Globally, the poultry producers are shifting towards hatchery vaccination and today almost 45 percent of broilers produced in the world are vaccinated against IBD in the hatchery using new technology vaccines like Transmune IBD. The poultry industry in India has also undergone a major shift in recent decades with integrated broiler producers contributing around 85 percent of total broiler production. The broiler segment is growing at around 8-10 percent annually and broiler producers are looking for innovative and more efficient animal health solutions, including vaccines.

Experience using Transmune IBD in India

Ceva, being committed to innovation in the hatchery, has always been a leader in hatchery vaccination solutions, equipment and services. During its introduction in India, Ceva offered key broiler producers with a complete vaccination solution involving new technology vaccines, vaccination equipment, services and monitoring programmes for customers to realise the full value of their vaccination solutions. All these form a part of the Ceva Innovation Areas like C.H.I.C.K. Program (Ceva Hatchery Immunization Control Keys), Global Protection Services (GPS) and Lab services, among others.

Since its launch in India during Q2 2018, Transmune IBD has been rapidly adopted by many key integrators in their broiler vaccination programmes and tens of millions of birds were vaccinated with this innovative vaccine each month. The vaccination programme is well monitored through the Ceva C.H.I.C.K. Program and the VSE Team (Vaccination Services and Equipment). The C.H.I.C.K. Program involves Ceva VSE specialists visiting producers’ hatcheries at regular intervals and auditing the quality of vaccination.
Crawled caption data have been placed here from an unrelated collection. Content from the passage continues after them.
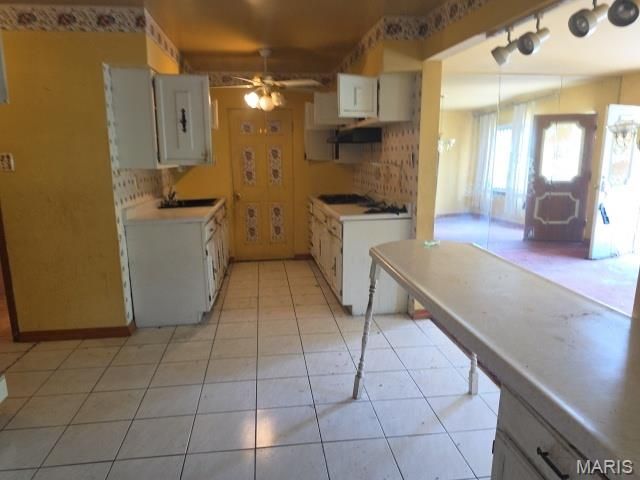 4327 N Taylor Avenue, St Louis, MO 63115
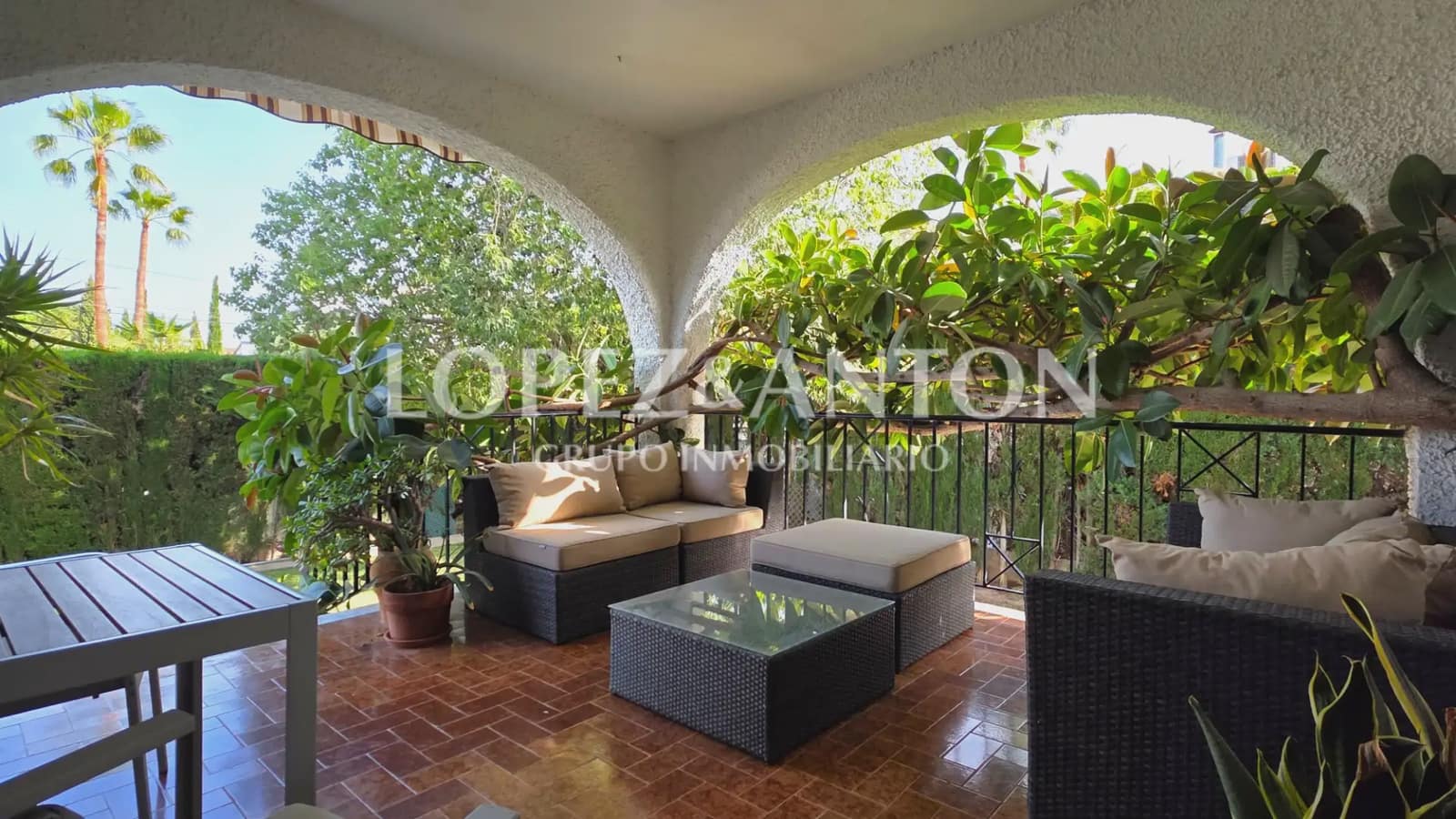 7 soverom Villa til salgs i L'Eliana med svømmebasseng garasje - € 585 000 (Ref: 9810843)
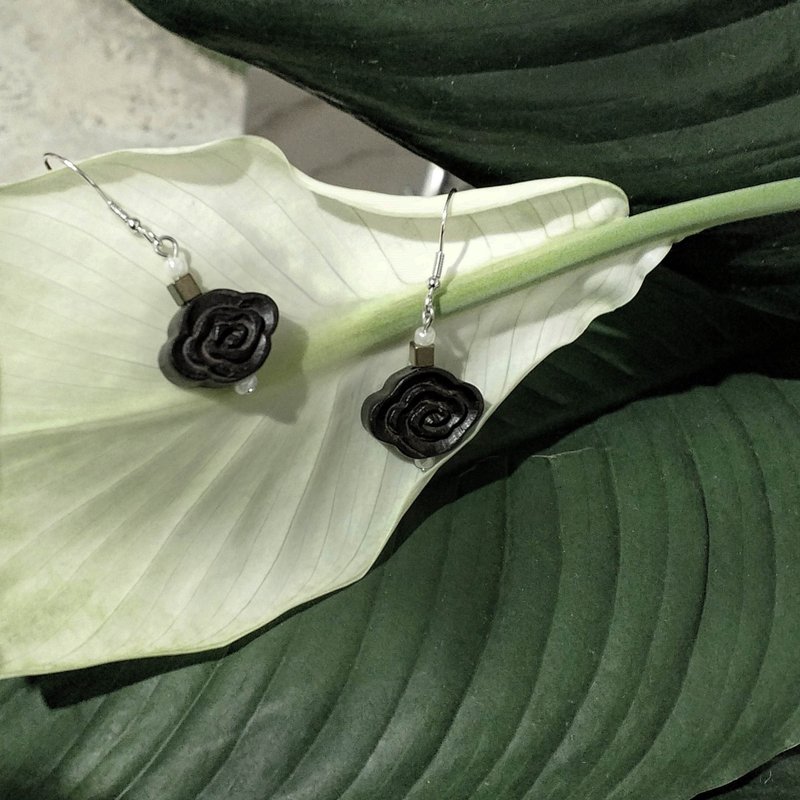 Scented black sandalwood auspicious cloud crafted 925 silver ear pins earrings - Earrings & Clip-ons - Wood Black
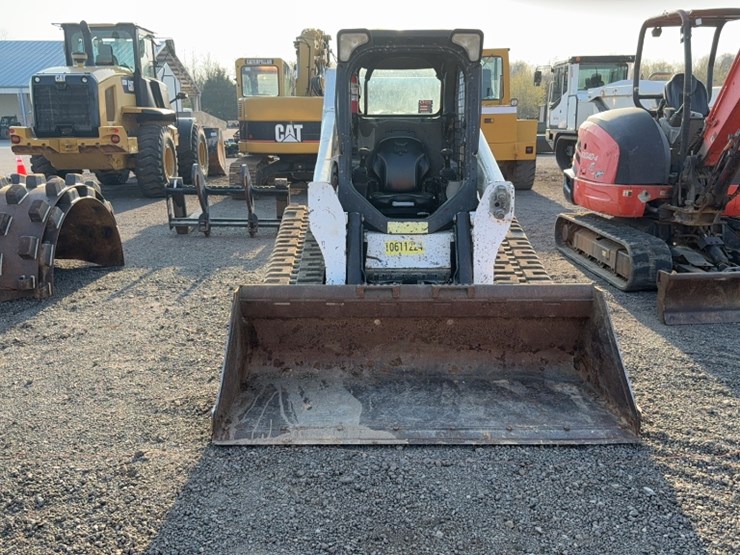 2017-bobcat-t740-image-2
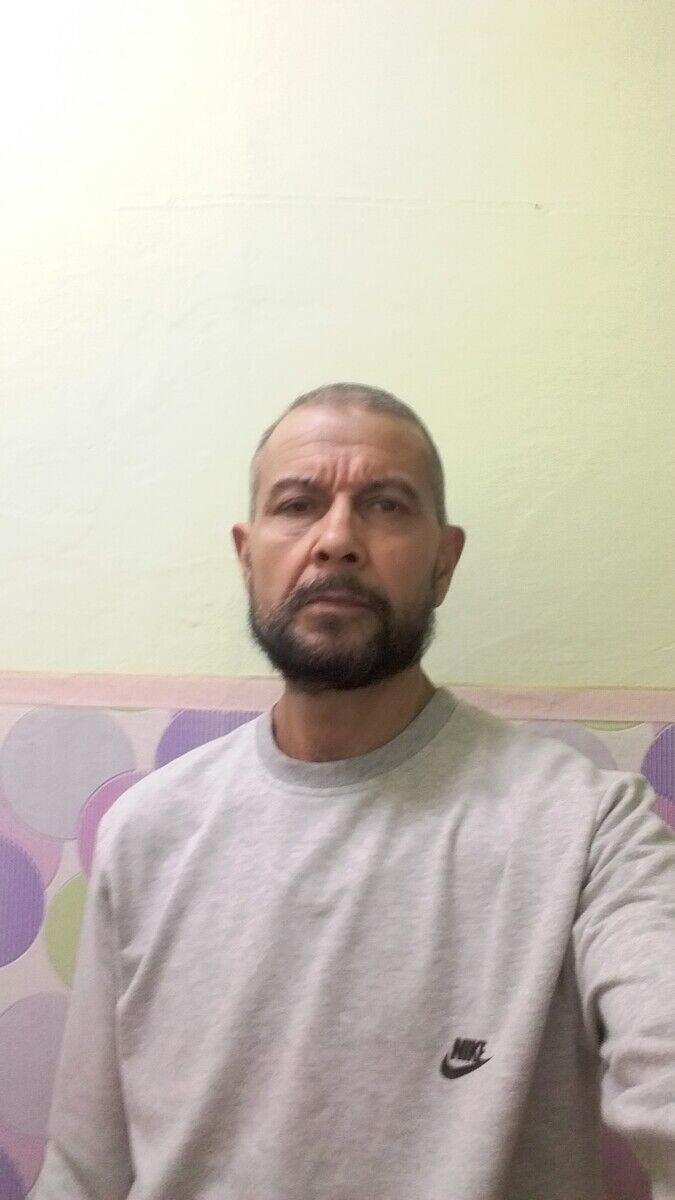  21300776  , 53 ,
The aim of this programme is to ensure that all birds are well vaccinated and to train the vaccination teams to achieve the highest quality of hatchery vaccination.

At the farm level, the vaccinated flocks are monitored through a disease monitoring programme called Global Protection Services (GPS). GPS allows for the monitoring of flock health over time and measures the vaccine performance of Transmune-vaccinated flocks. Since its introduction in India, over 2,500 serum samples have been monitored.
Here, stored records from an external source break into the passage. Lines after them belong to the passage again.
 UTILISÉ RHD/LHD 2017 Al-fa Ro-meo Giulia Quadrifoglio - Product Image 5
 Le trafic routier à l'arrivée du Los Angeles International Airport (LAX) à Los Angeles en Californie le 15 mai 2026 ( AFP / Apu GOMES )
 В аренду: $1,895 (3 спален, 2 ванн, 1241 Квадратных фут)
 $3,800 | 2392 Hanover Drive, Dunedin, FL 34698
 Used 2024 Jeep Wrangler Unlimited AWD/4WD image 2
Figure 3: Harvesting age serology of Transmune-vaccinated flocks in India, 2018
Figure 3: Harvesting age serology of Transmune-vaccinated flocks in India, 2018

Vaccination with Transmune shows development of more uniform titres and better flock coverage leading to better flock protection against IBD. Several field trials have been conducted in comparison to the conventional IBD vaccination programme showing better performance and value in terms of FCR, liveability and body weight gain in Transmune-vaccinated flocks compared to the other group.

Figure 4: Comparison of flock performance - Transmune vs Farm IBD vaccine in India (2018)
Figure 4: Comparison of flock performance - Transmune vs Farm IBD vaccine in India (2018)

These trials demonstrated the improvement in performance at the farm level in Transmune-vaccinated flocks with better control over clinical and sub-clinical forms of IBD. By blocking the bursa to field the IBD virus infection, Transmune IBD stands out with its unique ability to stop the cycle of replication and spread of the virus. Sub-optimal control over IBD challenges can reduce flock performance, increase antibiotic usage in the farm, lead to immune-suppression and increases in other secondary infections.

India continues to be one of the fastest growing poultry markets and Ceva will continue to introduce new innovative concepts to the Indian market like new technology vaccines plus automated equipment to enable a shift to vaccination at the hatchery and continuously improve the quality of vaccination. At the next stage, Ceva in India shall apply for the first ever Quality Recognition of its hatchery vaccination service through a third-party auditing company and continue to invest and innovate at the hatchery level and day-old chick health.